Lesotho: Authoritarian rule, 1970-1991
Extracted from: "Lesotho" IN Compendium of Elections in Southern Africa (2002), edited by Tom Lodge, Denis Kadima and David Pottie, EISA, 92-93.

The early years of independence gave the opposition parties the opportunity to reorganise and to capitalise on the BNP government's failures, such as to bring about a meaningful improvement to the quality of life in the kingdom. At the first post-independence election in January 1970 the disappointed voters gave the BCP a majority of 13 national assembly seats (see 1970 National Assembly election results for more detail). Without announcing the results the BNP government declared a state of emergency, annulled the election, suspended the constitution and dissolved parliament. The king was forced into exile in The Netherlands for the rest of that year, because he had expressed his disapproval of the government's actions, though he was allowed to return after once again promising not to interfere in Lesotho's politics.

In 1973 Jonathan established an appointed unicameral legislature, consisting of a comfortable majority of BNP members, the chiefs who had served in the former senate, and a number of BCP and MFP members who wanted to prevent a single-party system. Mokhehle's rejection of the coalition caused a split in the BCP, especially as Jonathan rewarded the leaders of the cooperative factions by taking them into the cabinet. However, 12 years later Jonathan did create a de facto single-party system after having arranged for a multiparty general election to take place. The opposition parties refused to nominate candidates as they had no access to the voters' rolls and consequently, in September 1985, all of the 60 BNP candidates were elected unopposed.

Meanwhile, in 1974, Mokhehle had fled into exile after having been accused of conspiring against the government. Mokhehle then led the "external" faction of the BCP, which set up an armed wing, the Lesotho Liberation Army (LLA), to wage war against the Jonathan government. The LLA maintained close links with the Azanian People's Liberation Army (APLA), the armed wing of South Africa's banned Pan-Africanist Congress (PAC), which had been supported by Mokhehle since the PAC's formation in 1959. Gerard Ramoreboli who was a member of Jonathan's cabinet led The "internal" faction of the BCP.

By this time Jonathan had turned against the South African government which had aided his party since prior to the 1965 election. This turn-about was to pacify opposition supporters and, in a world that was becoming increasingly hostile to the apartheid regime, to promote Lesotho's image in order to be able to attract generous aid from abroad. Moreover, Jonathan declared his support for the ANC (long since banned in South Africa) which began to use Lesotho as a transit base. The SA government then allowed Mokhehle's LLA to use South African territory for insurgency operations in Lesotho. When Jonathan refused to enter into a non-aggression pact with South Africa in the early 1980s, the SA Defence Force launched raids on ANC targets in Lesotho, also killing citizens of Lesotho.

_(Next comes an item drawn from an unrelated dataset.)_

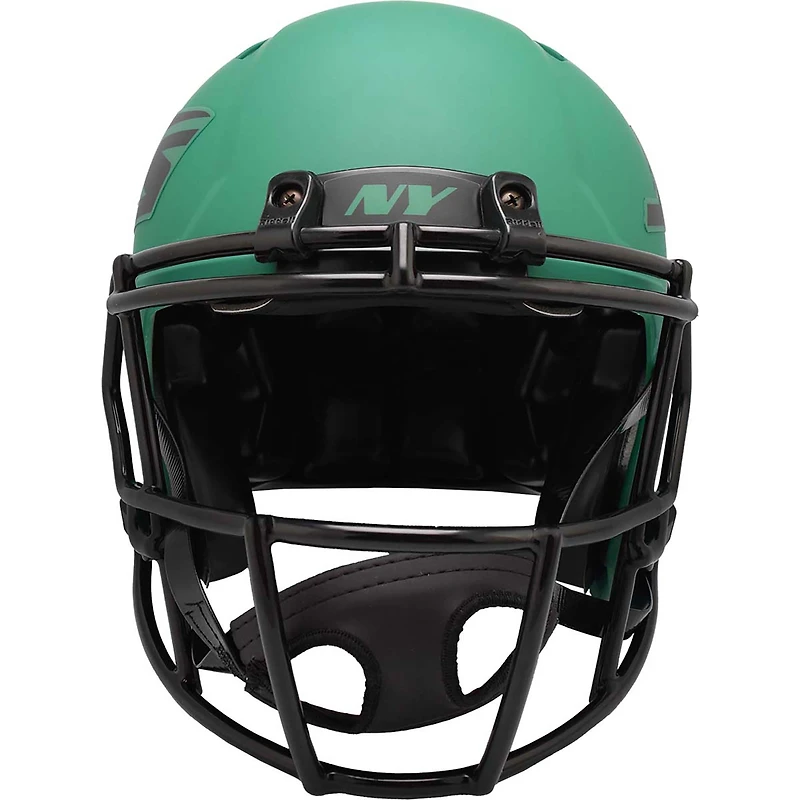 Casque authentique Riddell Rave Speed des New York Jets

By the time of the abortive 1985 election, formidable forces were converging to topple the Jonathan government. The kingdom's inhabitants continued to suffer economic hardship and were as reliant on the South African economy as ever. Having already threatened Lesotho with an economic embargo, South Africa closed the borders with Lesotho on 1 January 1986, cutting off vital food and fuel supplies. This was followed by talks between the SA government and prominent Basotho, including opposition leaders and the heads of the armed forces in Lesotho. Having long been exasperated by the competition for resources with the paramilitary youth wing of the BNP, the army grabbed the opportunity to confront and disarm the youth league and in this process took over the government.

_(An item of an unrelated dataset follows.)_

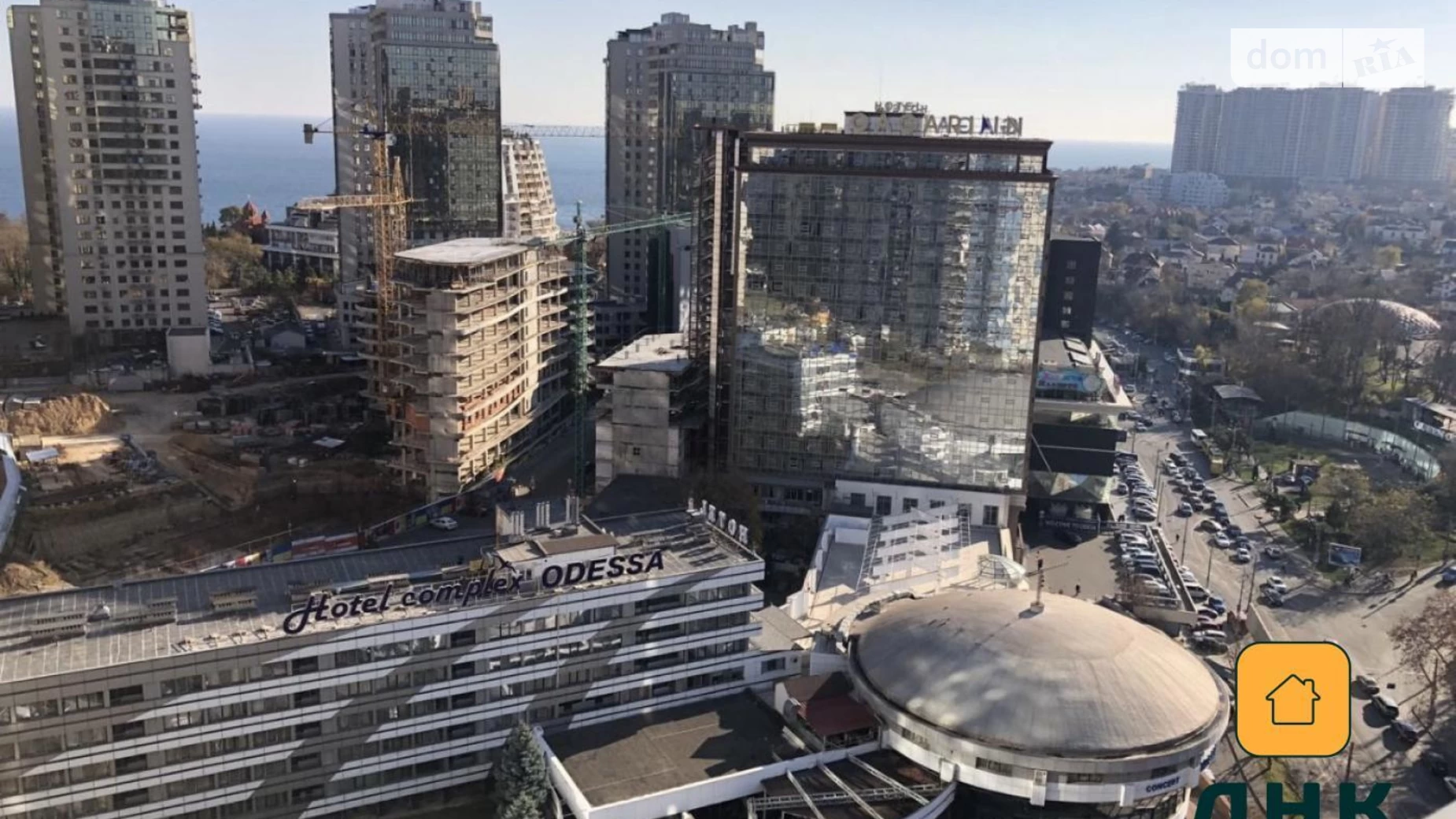 Продается 2-комнатная квартира 70 кв. м в Одессе, ул. Генуэзская, 5 - фото 4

The king remained as head of state, now vested with legislative and executive powers, while Maj-Gen Metsing Lekhanya became head of a military government advising the king. Parliament was dissolved and restrictions were placed on party politics. Jonathan died in April 1987, shortly after being released from house arrest. Mokhehle was allowed to return to Lesotho for peace talks. The LLA was subsequently disbanded, while the BCP was being reunited under Mokhehle's leadership.

Following his involvement in a homicide case, Lekhanya clashed with the king and some of his colleagues who wanted to get rid of him. In March 1990 the military government took over the king's legislative and executive powers. Moshoeshoe II then went into exile in the United Kingdom and was deposed as king in November that year. His eldest son, assuming the name Letsie III, succeeded him as head of state, though Letsie was not formally inaugurated as king in terms of Basotho custom. Lekanya announced that there would be a return to democratic civilian rule and proceeded to set up a nominated constituent assembly to draft a new constitution. However, junior officers deposed him in April 1991.